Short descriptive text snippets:
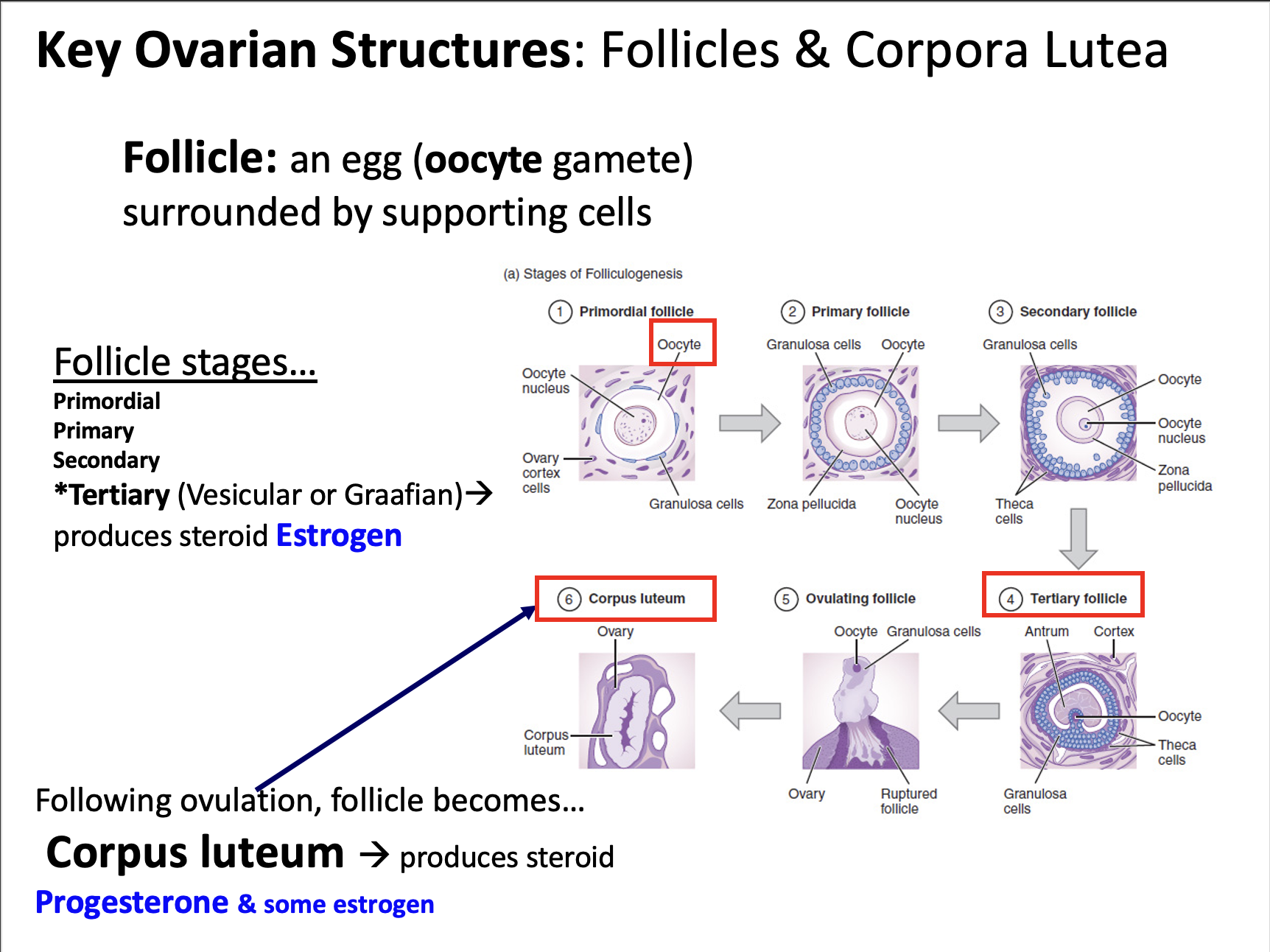 Explain in an easy way and function Key Ovarian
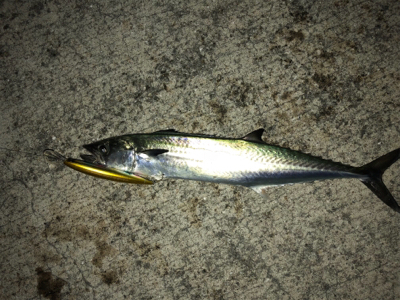 一瞬の時合いをモノに!!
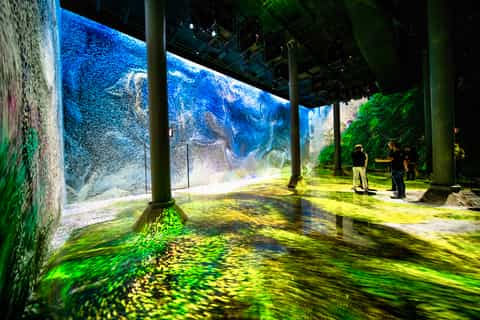 NYC: ARTECHOUSE Immersive Art Experience Entrance Ticket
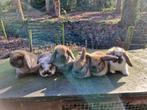 Nederlandse dwerg hangoor konijntjes te koop, Dieren en Toebehoren, Konijnen, Meerdere dieren, Dwerg, Hangoor, 0 tot 2 jaar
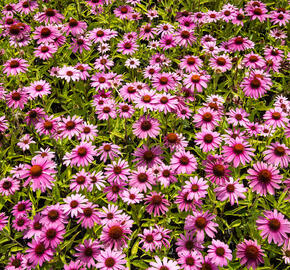 Třapatkovka nachová 'Prairie Splendor Rose Compact' - Echinacea purpurea 'Prairie Splendor Rose Compact'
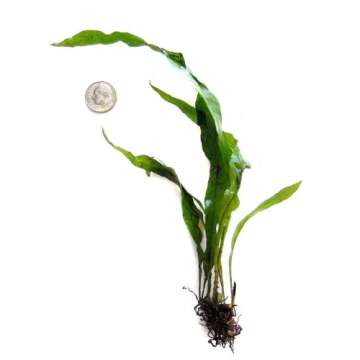 SubstrateSource Microsorum pteropus Java Fern Live Aquatic Aquarium Plant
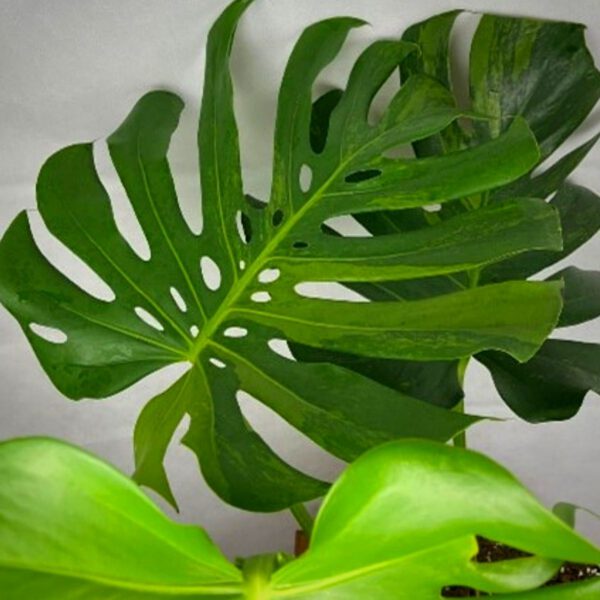 Monstera Sport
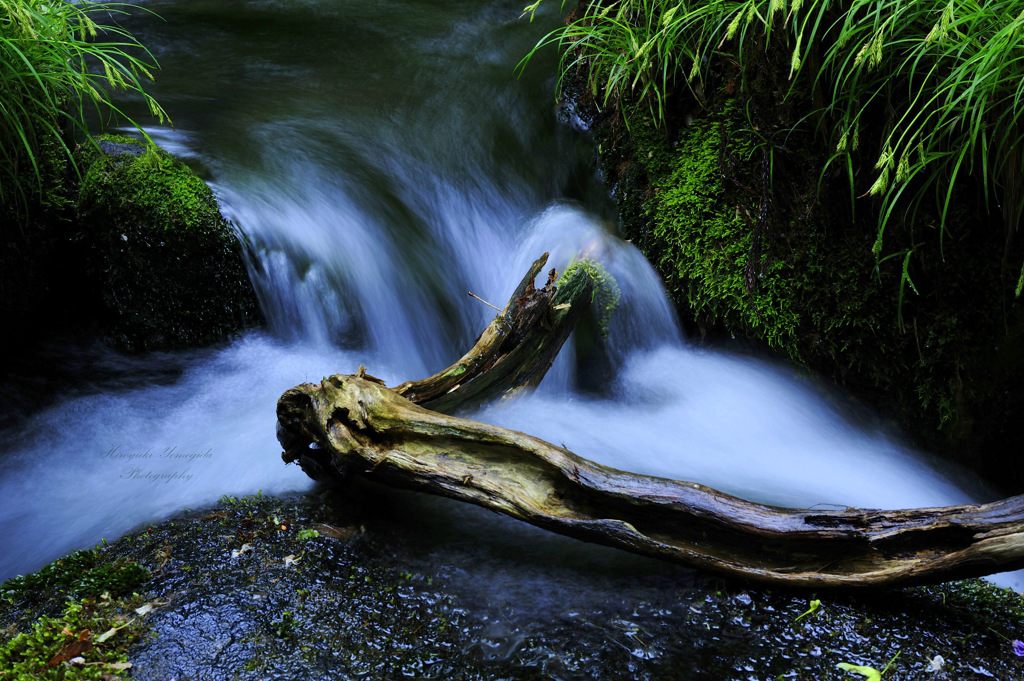 Nature stream...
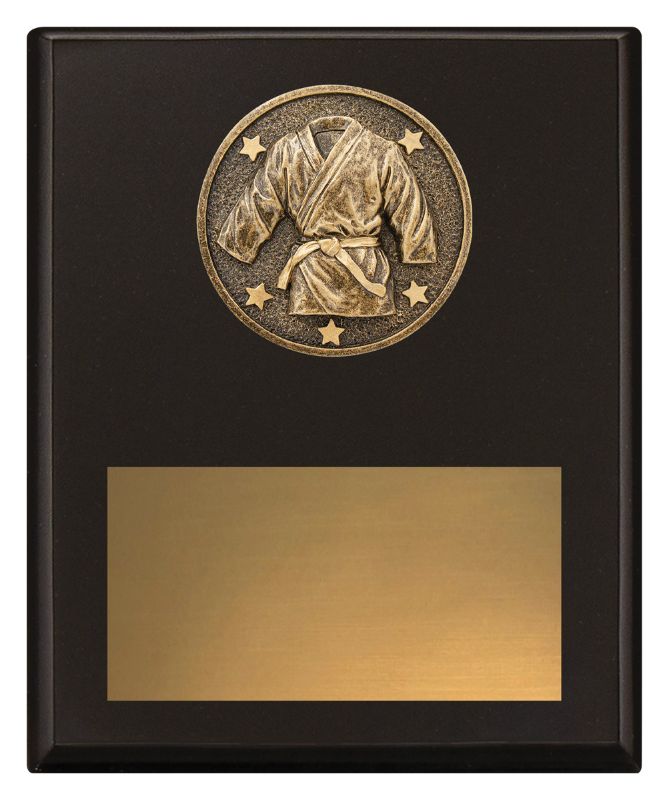 SP645C Challenge Plaque Martial Arts 20cm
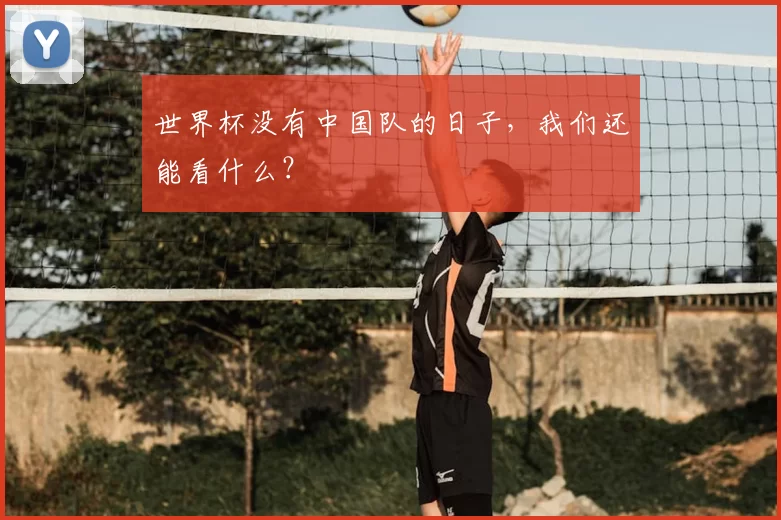 世界杯没有中国队的日子，我们还能看什么？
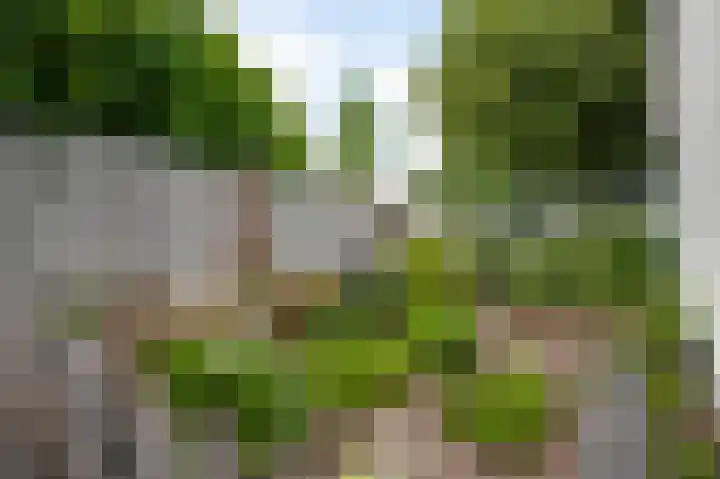 Beeleweg 19 Stramproy thumbnail 36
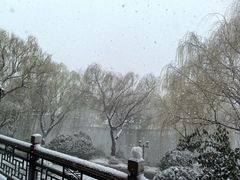 -鹊华居·地道鲁菜·海鲜·融合味(大明湖店)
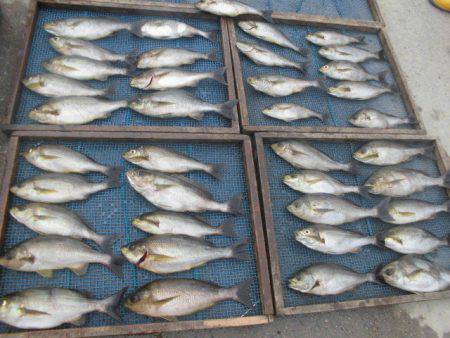 大進丸(愛知) 釣果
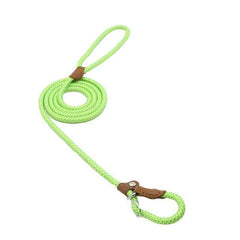 Nylon Dog Collar & Leash Set – Adjustable Pup Set for Small to Large Dogs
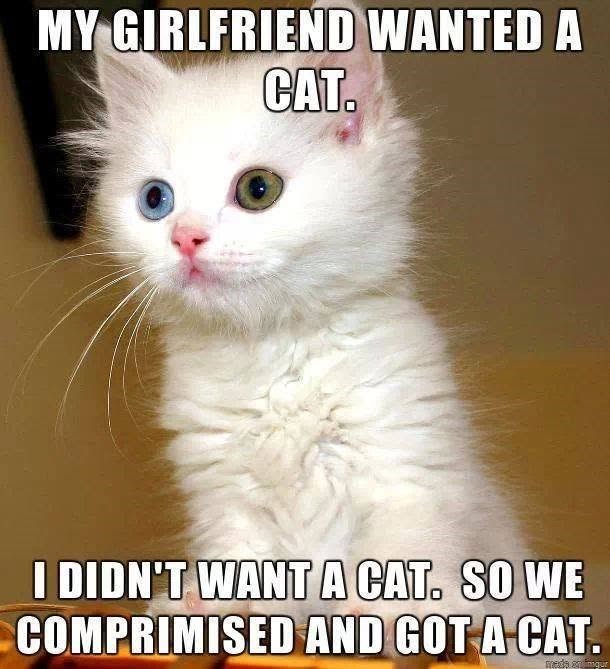 MY GIRLFRIEND WANTED A CAT. I DIDN'T WANT A CAT. SO WE COMPRIMISED AND GOT A CAT.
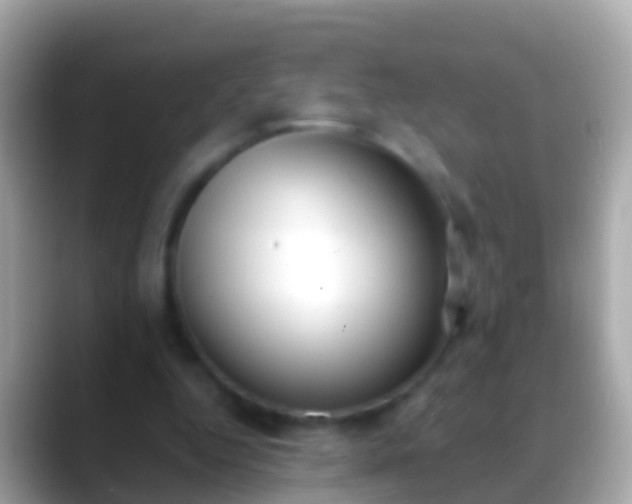 X0000088640344200706011207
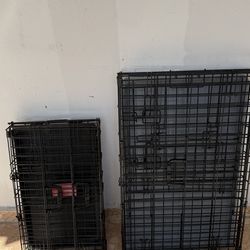 Create for small or Medium  pet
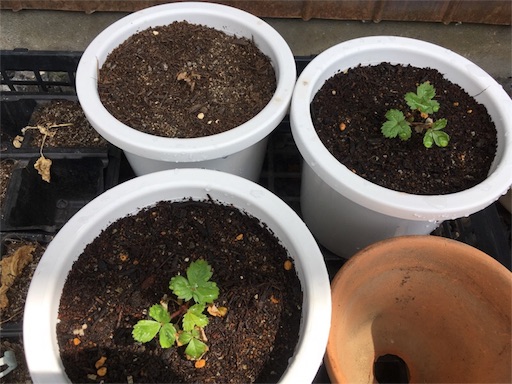 f:id:yasai18:20160807204001j:image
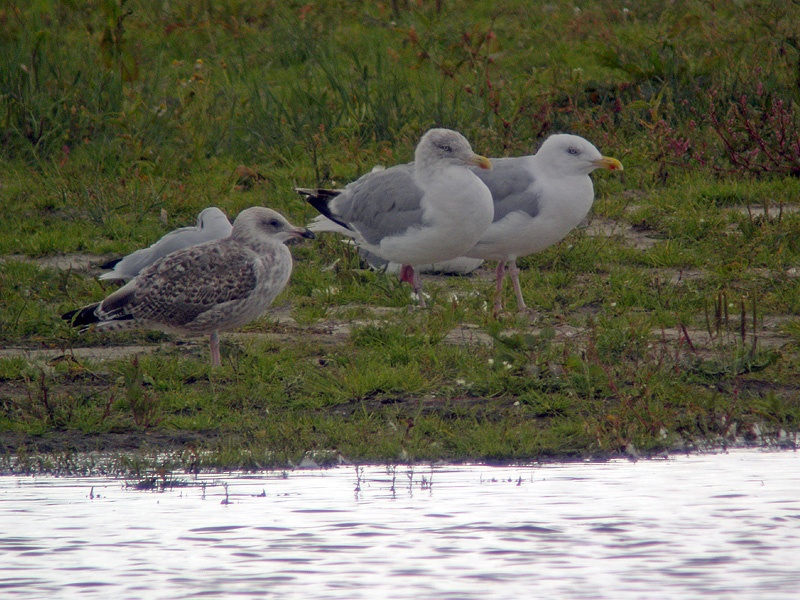 DSCN4213-1.jpg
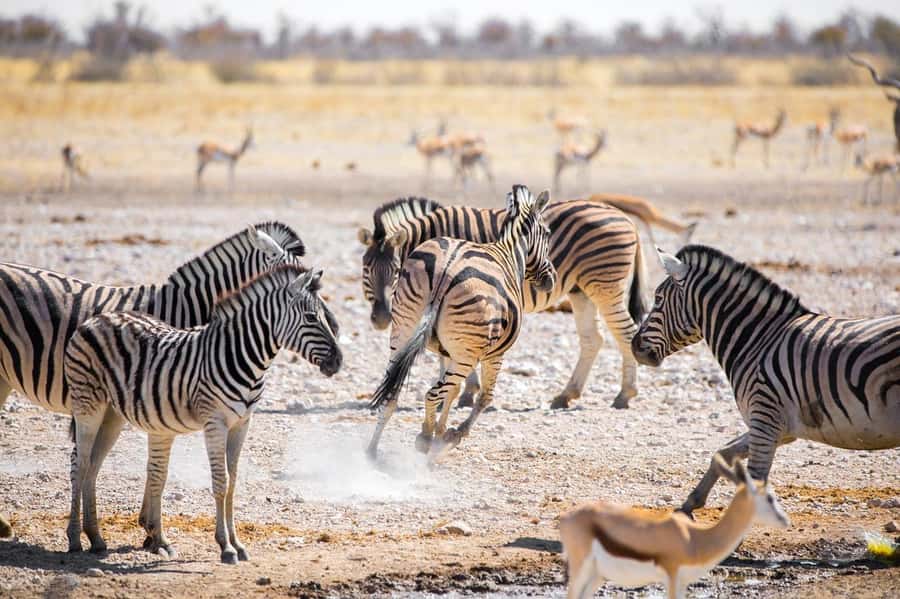 2-day adventures to Mikumi by luxury train from Dar-es-Salam - Key details before you book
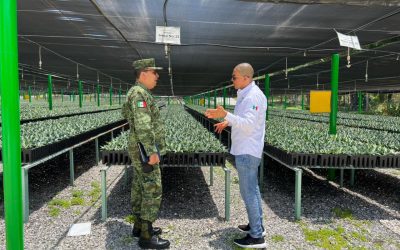 FIRMAN CONVENIO SEGAM Y SEDENA PARA REFORESTAR SLP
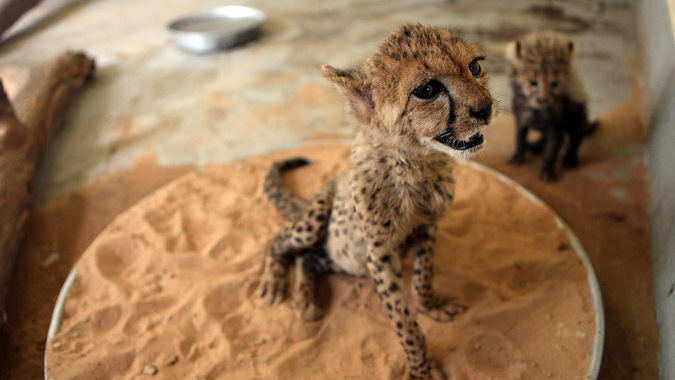 Two cheetah cubs that will be sold over the black market in the UAE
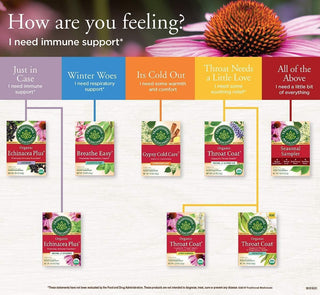 Traditional Medicinals Organic Herbal Kosher Echinacea Plus w/Herbal Supplements, Echinacea Roots, Gluten-Free, GMO-Free, Caffeine-Free Herbal Tea (Case of 6) 16 Tea Bags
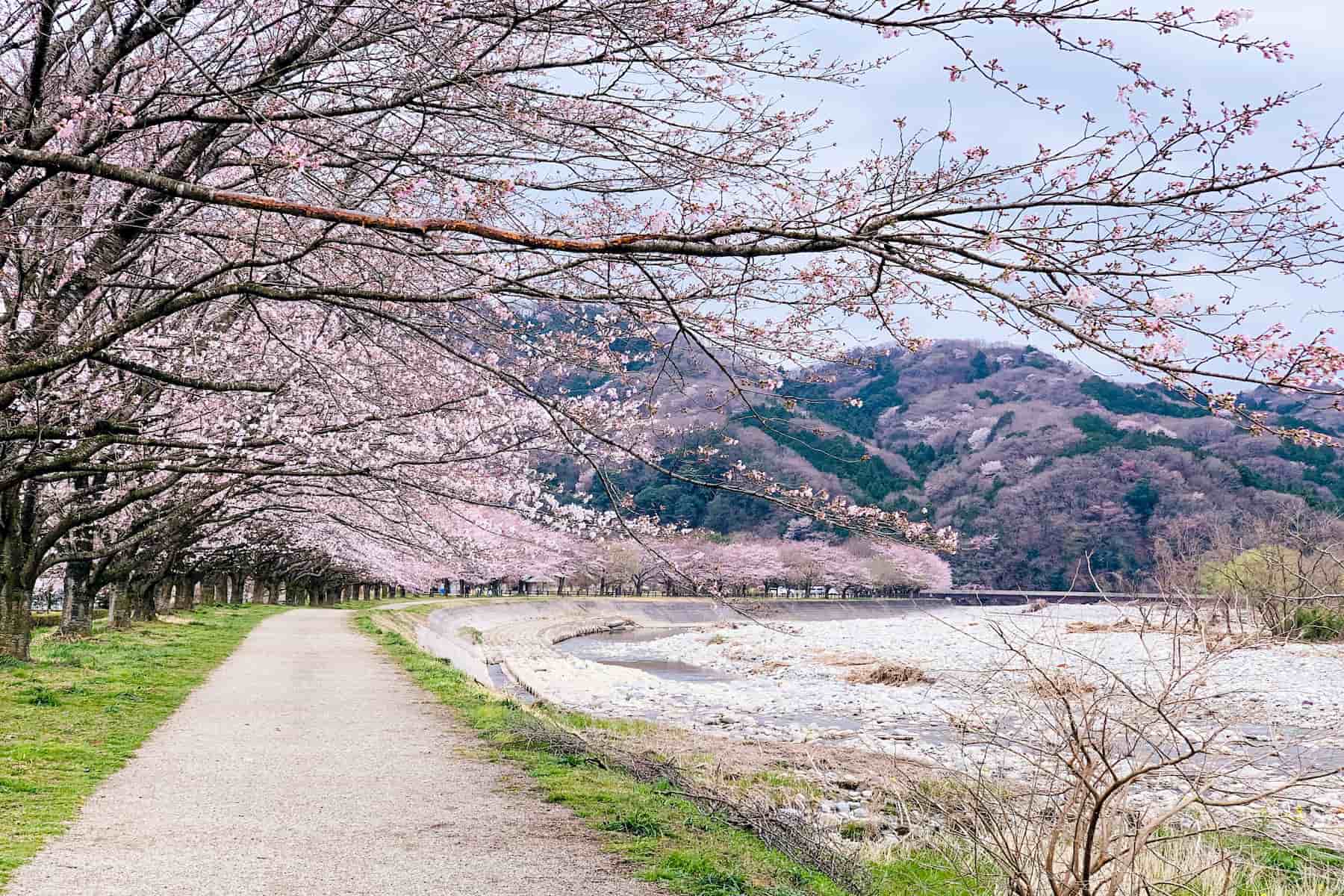 Where to see cherry blossoms in Japan: 10 spots to add to your spring ...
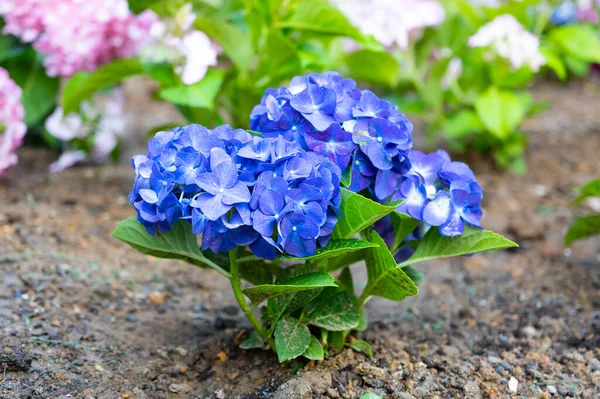 Light, dark, pale blue, pink, purple Hydrangea macrophylla, bigleaf hydrangea, is one of the most popular landscape shrubs owing to its large mophead flowers.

Exercise instructions
What is needed is a verbatim transcription of the records, minus the pictures.

Output of the task
 Explain in an easy way and function Key Ovarian
 一瞬の時合いをモノに!!
 NYC: ARTECHOUSE Immersive Art Experience Entrance Ticket
 Nederlandse dwerg hangoor konijntjes te koop, Dieren en Toebehoren, Konijnen, Meerdere dieren, Dwerg, Hangoor, 0 tot 2 jaar
 Třapatkovka nachová 'Prairie Splendor Rose Compact' - Echinacea purpurea 'Prairie Splendor Rose Compact'
 SubstrateSource Microsorum pteropus Java Fern Live Aquatic Aquarium Plant
 Monstera Sport
 Nature stream...
 SP645C Challenge Plaque Martial Arts 20cm
 世界杯没有中国队的日子，我们还能看什么？
 Beeleweg 19 Stramproy thumbnail 36
 -鹊华居·地道鲁菜·海鲜·融合味(大明湖店)
 大進丸(愛知) 釣果
 Nylon Dog Collar & Leash Set – Adjustable Pup Set for Small to Large Dogs
 MY GIRLFRIEND WANTED A CAT. I DIDN'T WANT A CAT. SO WE COMPRIMISED AND GOT A CAT.
 X0000088640344200706011207
 Create for small or Medium  pet
 f:id:yasai18:20160807204001j:image
 DSCN4213-1.jpg
 2-day adventures to Mikumi by luxury train from Dar-es-Salam - Key details before you book
 FIRMAN CONVENIO SEGAM Y SEDENA PARA REFORESTAR SLP
 Two cheetah cubs that will be sold over the black market in the UAE
 Traditional Medicinals Organic Herbal Kosher Echinacea Plus w/Herbal Supplements, Echinacea Roots, Gluten-Free, GMO-Free, Caffeine-Free Herbal Tea (Case of 6) 16 Tea Bags
 Where to see cherry blossoms in Japan: 10 spots to add to your spring ...
 Light, dark, pale blue, pink, purple Hydrangea macrophylla, bigleaf hydrangea, is one of the most popular landscape shrubs owing to its large mophead flowers.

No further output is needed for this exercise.